“We found that, not only can we infect our humanized mouse with Hepatitis B and Hepatitis C, but we can then successfully treat this infection using typical drugs,” explains first author Karl-Dimiter Bissig, M.D. Ph.D, an internist and post-doctoral researcher in the Laboratory of Genetics. “As a physician, I understand the importance of this type of bench-to-bedside research. This study shows a real application for our mouse model, making it relevant from both an academic and a clinical perspective.”
Mice whose own liver cells have been replaced with human hepatocytes (shown in green) can be successfully infected with Hepatitis B virus (shown in red) providing a new way to test novel therapies for debilitating human liver diseases.
Image: Courtesy of Dr. Karl-Dimiter Bissig, Salk Institute for Biological Studies
The Salk researchers’ findings will be published in the Feb. 22, 2010 online edition of the Journal of Clinical Investigation.
Host-pathogen specificity is both a blessing and a curse-preventing widespread infection but making successful treatments harder to find.
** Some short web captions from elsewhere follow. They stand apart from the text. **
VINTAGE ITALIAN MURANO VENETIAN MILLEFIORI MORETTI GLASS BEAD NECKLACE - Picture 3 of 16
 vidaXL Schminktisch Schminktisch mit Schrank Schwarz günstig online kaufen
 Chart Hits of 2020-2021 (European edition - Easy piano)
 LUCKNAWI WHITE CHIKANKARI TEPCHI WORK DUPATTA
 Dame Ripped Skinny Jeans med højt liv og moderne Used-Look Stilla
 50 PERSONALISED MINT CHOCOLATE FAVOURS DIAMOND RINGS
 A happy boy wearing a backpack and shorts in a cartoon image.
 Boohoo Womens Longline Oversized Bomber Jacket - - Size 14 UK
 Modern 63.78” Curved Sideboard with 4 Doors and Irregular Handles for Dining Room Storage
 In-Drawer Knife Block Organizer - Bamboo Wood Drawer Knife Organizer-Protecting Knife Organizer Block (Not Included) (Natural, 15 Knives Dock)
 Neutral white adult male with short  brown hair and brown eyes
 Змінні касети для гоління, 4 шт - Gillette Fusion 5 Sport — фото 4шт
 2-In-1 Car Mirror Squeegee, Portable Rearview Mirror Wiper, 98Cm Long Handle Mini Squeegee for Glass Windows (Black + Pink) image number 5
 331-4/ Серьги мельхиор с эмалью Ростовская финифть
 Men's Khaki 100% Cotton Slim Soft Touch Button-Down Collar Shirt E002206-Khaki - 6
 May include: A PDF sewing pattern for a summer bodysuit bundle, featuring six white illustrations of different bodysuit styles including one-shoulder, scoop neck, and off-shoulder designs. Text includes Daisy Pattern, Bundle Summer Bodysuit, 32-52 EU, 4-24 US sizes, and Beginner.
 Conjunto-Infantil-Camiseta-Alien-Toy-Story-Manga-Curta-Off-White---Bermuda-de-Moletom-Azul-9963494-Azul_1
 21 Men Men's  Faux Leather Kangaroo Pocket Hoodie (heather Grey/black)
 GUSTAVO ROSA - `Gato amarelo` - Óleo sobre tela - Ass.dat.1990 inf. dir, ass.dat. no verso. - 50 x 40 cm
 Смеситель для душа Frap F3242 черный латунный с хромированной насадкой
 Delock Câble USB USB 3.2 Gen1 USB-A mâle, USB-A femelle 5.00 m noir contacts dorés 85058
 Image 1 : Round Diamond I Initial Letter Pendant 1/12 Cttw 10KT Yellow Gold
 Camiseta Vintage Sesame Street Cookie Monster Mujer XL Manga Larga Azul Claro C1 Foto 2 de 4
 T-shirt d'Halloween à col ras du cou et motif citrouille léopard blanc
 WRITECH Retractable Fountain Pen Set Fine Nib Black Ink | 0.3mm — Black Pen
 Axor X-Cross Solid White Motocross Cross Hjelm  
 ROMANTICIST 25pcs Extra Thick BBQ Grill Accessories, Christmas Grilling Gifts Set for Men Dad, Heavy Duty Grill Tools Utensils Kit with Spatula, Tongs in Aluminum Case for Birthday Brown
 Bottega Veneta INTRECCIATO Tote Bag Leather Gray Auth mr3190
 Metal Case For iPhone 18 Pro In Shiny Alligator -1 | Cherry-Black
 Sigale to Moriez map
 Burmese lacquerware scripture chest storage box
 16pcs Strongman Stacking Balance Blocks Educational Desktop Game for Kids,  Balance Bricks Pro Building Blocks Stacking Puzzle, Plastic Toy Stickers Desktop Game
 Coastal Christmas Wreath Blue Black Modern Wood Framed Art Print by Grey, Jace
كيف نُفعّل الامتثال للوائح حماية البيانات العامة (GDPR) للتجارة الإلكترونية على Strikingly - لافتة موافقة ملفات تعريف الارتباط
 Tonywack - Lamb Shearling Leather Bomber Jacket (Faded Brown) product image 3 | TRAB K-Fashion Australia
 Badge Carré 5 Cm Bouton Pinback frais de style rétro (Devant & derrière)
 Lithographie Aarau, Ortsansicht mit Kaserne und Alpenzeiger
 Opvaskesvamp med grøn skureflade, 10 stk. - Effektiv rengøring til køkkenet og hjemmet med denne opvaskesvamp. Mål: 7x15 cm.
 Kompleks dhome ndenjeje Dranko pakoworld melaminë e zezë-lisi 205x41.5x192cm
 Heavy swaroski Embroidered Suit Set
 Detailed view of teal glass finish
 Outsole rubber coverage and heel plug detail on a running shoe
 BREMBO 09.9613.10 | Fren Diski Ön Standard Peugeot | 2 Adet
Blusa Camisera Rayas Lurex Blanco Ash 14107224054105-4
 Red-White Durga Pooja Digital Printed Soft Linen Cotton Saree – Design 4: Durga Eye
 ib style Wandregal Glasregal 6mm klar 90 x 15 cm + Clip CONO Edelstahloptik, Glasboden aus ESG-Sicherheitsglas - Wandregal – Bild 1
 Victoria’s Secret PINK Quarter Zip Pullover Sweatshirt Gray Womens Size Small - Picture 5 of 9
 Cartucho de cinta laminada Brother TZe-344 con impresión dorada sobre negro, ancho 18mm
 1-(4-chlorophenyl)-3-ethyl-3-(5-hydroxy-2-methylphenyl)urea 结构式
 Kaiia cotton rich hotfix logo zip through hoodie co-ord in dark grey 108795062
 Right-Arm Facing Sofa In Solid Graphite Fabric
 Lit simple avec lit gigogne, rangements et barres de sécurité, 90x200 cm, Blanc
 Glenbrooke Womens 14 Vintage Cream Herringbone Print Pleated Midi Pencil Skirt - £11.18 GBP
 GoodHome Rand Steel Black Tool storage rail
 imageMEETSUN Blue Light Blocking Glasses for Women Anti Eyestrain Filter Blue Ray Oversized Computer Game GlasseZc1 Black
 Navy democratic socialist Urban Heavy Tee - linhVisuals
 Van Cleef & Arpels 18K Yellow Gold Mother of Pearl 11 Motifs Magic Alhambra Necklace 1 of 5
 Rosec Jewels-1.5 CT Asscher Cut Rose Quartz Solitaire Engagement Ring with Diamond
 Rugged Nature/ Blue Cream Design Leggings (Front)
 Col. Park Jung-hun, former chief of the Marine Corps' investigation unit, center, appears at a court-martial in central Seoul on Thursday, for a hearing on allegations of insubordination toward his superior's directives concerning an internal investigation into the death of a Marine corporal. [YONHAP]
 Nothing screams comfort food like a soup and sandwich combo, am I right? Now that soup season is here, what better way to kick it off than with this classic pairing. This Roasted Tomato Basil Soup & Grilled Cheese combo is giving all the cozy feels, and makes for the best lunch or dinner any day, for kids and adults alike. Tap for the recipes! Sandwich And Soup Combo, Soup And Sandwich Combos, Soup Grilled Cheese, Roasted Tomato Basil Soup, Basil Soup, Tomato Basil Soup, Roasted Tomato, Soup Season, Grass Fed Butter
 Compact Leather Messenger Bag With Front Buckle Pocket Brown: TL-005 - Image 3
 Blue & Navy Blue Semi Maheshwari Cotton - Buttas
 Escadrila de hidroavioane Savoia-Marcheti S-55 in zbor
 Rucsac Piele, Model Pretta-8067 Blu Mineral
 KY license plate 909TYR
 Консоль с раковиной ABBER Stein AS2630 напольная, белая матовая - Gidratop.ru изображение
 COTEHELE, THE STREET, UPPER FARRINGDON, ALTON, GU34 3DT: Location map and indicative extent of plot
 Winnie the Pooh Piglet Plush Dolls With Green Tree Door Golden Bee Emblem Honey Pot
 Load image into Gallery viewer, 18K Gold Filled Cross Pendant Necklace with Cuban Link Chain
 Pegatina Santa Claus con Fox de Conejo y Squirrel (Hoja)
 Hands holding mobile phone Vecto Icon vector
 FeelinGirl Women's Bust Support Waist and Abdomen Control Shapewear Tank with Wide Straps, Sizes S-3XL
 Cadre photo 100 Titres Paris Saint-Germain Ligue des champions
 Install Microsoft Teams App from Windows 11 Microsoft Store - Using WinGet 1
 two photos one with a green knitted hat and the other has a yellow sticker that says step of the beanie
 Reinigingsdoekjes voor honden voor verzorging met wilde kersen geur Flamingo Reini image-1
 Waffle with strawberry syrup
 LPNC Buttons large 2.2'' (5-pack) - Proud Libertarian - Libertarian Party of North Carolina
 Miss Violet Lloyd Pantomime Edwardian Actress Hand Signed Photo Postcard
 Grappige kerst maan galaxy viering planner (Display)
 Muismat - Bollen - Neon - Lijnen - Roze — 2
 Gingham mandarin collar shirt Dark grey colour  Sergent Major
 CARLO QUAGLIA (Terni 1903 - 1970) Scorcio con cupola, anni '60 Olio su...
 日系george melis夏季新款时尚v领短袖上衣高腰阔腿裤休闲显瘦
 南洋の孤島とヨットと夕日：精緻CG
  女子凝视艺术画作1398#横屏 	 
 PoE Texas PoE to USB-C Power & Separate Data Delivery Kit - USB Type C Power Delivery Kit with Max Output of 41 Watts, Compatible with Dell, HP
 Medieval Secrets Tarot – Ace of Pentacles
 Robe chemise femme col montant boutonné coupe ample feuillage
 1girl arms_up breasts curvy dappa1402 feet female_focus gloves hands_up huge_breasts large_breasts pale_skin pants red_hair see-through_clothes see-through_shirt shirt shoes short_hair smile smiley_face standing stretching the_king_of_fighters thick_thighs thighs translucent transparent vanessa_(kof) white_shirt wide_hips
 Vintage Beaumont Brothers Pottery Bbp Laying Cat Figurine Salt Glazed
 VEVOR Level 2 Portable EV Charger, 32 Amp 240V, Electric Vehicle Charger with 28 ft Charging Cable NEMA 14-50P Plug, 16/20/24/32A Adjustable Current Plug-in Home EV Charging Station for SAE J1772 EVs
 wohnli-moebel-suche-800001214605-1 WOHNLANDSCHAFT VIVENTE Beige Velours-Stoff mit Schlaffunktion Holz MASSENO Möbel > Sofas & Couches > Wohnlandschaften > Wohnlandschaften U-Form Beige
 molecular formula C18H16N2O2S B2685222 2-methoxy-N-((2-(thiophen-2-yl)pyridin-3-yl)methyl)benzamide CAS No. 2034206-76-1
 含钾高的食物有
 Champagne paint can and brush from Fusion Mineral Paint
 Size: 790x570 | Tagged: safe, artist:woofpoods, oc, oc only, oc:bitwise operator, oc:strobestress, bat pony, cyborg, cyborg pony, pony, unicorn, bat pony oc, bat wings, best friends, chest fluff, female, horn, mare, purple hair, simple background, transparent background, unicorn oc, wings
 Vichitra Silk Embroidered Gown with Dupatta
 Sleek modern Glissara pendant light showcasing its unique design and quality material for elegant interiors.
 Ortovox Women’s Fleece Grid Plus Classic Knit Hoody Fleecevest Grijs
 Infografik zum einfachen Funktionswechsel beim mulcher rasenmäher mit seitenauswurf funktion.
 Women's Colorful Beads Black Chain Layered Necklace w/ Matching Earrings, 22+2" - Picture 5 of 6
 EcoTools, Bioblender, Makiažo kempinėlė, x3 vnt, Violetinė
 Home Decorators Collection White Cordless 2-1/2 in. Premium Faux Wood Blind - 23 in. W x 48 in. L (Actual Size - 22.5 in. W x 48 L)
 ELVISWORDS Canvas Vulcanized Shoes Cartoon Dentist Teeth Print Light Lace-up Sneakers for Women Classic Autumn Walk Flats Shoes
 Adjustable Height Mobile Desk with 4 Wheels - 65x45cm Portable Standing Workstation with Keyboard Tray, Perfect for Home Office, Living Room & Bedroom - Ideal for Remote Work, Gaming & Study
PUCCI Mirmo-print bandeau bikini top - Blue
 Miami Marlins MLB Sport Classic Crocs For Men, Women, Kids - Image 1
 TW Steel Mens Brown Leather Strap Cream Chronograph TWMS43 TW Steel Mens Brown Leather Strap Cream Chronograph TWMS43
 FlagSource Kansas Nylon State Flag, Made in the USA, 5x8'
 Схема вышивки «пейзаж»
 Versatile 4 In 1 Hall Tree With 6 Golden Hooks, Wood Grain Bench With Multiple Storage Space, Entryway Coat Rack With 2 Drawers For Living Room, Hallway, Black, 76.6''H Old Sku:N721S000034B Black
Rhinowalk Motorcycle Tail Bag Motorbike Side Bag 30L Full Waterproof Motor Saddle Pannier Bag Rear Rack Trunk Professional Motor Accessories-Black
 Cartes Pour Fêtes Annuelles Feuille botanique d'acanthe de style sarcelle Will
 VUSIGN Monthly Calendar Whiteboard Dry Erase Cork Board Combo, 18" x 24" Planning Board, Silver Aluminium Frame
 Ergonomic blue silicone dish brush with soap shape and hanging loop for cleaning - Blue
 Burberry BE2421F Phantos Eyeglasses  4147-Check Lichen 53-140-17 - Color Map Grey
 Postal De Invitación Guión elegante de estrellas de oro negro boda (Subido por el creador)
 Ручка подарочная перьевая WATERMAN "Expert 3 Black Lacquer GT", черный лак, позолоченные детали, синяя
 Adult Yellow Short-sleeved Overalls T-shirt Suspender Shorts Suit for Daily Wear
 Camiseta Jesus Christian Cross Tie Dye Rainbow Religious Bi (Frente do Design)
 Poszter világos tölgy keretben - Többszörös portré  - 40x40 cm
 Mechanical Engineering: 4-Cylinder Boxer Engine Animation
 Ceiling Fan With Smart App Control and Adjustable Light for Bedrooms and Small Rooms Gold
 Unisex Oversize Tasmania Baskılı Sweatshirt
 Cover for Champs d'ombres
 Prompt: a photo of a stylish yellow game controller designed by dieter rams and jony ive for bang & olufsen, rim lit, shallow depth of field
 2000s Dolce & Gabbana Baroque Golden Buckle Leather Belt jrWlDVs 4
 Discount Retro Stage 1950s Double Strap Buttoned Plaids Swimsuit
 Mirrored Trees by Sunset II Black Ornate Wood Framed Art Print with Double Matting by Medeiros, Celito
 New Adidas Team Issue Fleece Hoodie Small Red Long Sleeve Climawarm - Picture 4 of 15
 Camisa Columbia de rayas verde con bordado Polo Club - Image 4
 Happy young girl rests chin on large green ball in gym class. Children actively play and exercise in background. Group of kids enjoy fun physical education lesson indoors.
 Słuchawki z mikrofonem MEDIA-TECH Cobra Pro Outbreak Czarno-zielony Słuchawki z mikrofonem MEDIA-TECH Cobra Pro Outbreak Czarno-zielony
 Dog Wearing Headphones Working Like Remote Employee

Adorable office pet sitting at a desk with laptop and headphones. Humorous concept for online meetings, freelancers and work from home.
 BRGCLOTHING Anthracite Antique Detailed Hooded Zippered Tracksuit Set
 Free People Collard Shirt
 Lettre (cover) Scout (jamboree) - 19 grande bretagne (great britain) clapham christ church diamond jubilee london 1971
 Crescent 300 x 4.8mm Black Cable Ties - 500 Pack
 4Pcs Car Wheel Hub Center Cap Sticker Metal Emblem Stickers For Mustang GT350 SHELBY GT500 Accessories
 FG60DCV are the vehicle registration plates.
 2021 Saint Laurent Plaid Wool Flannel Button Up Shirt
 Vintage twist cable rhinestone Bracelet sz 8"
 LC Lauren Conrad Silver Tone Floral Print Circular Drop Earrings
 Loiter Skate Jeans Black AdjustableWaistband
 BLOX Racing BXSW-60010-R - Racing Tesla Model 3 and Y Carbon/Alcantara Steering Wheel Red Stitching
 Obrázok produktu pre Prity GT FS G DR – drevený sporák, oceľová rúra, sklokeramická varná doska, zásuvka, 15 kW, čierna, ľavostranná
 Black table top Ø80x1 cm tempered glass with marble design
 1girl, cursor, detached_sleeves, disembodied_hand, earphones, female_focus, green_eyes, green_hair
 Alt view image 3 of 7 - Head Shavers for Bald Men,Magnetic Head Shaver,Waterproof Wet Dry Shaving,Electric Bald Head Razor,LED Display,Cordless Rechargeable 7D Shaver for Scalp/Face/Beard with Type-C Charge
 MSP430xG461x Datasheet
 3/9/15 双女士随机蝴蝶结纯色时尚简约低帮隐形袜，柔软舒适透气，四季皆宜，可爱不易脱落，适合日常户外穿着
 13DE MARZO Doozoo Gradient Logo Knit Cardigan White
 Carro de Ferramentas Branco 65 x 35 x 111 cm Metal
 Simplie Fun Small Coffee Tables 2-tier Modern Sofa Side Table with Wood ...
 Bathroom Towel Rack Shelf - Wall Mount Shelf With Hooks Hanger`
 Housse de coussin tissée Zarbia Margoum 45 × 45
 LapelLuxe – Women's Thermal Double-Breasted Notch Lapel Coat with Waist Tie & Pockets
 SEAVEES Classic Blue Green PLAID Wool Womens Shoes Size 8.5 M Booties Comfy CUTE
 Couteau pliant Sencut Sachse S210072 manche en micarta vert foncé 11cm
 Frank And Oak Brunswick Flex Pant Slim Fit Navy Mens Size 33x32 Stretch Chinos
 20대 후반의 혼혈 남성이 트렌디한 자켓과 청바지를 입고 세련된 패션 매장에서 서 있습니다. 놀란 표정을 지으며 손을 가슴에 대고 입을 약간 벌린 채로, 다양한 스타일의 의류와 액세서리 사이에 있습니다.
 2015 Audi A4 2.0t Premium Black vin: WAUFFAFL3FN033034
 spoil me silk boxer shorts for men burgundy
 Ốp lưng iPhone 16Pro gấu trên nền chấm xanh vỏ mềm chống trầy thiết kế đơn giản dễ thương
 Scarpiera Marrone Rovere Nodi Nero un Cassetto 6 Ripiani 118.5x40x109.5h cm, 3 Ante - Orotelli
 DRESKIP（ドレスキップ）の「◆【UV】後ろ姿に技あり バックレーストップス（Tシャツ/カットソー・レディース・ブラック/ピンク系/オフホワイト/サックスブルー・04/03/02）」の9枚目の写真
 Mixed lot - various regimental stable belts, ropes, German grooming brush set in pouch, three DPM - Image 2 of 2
For example, Hepatitis B and Hepatitis C can only infect humans and chimpanzees, and although this species barrier prevents us from being susceptible to every infection out there, the flipside is that finding treatments for human infections can be extremely difficult.
This is particularly true when it comes to liver infections. The usual approach is to grow human cells in a dish, to infect and try to treat them there, but this is not possible with liver cells or hepatocytes. “Human hepatocytes are almost impossible to work with as they don’t grow and are hard to maintain in culture,” explains senior author Inder Verma, Ph.D., a professor in the Laboratory of Genetics and holder of the Irwin and Joan Jacobs Chair in Exemplary Life Science.
And since small animals cannot be infected with Hepatitis C, they cannot be used to test drugs that may cure this disease. What’s more, species differences mean that drugs that appear to be effective and non-toxic in animal models sometimes prove to be toxic to humans, and vice versa. Mice whose own hepatocytes have been replaced with human liver cells provide a solution to all these hurdles.
Explains Verma, “This robust model system opens the door to utilize human hepatocytes for purposes that were previously impossible. This chimeric mouse can be used for drug testing and gene therapy purposes, and in the future, may also be used to study liver cancers.”
The Salk team had previously generated a mouse with a partially “humanized” liver, but wanted to improve their method to achieve almost complete transformation. They use a special mouse that has liver problems of its own, but whose problems can be kept in check with a drug called NBTC. Taking away NBTC allows human hepatocytes to take hold and populate the mouse liver with human cells.
The team perfected this system so that nearly 95% of the liver cells are of human origin, but the important question was whether they would behave like a human livers. To test this, the researchers exposed the mice to Hepatitis B and Hepatitis C and found that, unlike normal mice, which are resistant to these viruses, the chimeric animals developed the disease.
More importantly, using pegylated interferon alpha 2a-the standard treatment for Hepatitis C-the researchers showed that the “humanized” liver inside the mouse responds just like a normal human liver. The team also tested additional experimental drugs and found that they too behaved as they did in humans.
“This shows that our chimeric mouse model is medically relevant and can be used to validate novel drugs in a pre-clinical setting,” says Bissig. “This is great news as it provides us with a tool with which we can examine many human hepatotropic pathogens, including malaria. In the future, it also has potential applications for regenerative medicine; allowing confirmation of the true hepatocyte nature of cells prior to human transplantation.”
The methodology of generating these mice is freely available to the research community.
The work was funded in part by the National Institutes of Health, the American Cancer Society, the Leducq Foundation, the Ellison Medical Foundation, the Frances C Berger Foundation, Ipsen Biomeasure and Sanofi-Aventis.
Other than Bissig and Verma, contributors to this work were Phu Tran and Tam T. Le from the Laboratory of Genetics at the Salk Institute, and Stefan F. Wieland, Masanori Isogawa, and Francis V. Chisari from The Scripps Research Institute, San Diego.
About the Salk Institute for Biological Studies:
The Salk Institute for Biological Studies is one of the world’s preeminent basic research institutions, where internationally renowned faculty probe fundamental life science questions in a unique, collaborative, and creative environment. Focused both on discovery and on mentoring future generations of researchers, Salk scientists make groundbreaking contributions to our understanding of cancer, aging, Alzheimer’s, diabetes and infectious diseases by studying neuroscience, genetics, cell and plant biology, and related disciplines.
Faculty achievements have been recognized with numerous honors, including Nobel Prizes and memberships in the National Academy of Sciences. Founded in 1960 by polio vaccine pioneer Jonas Salk, M.D., the Institute is an independent nonprofit organization and architectural landmark.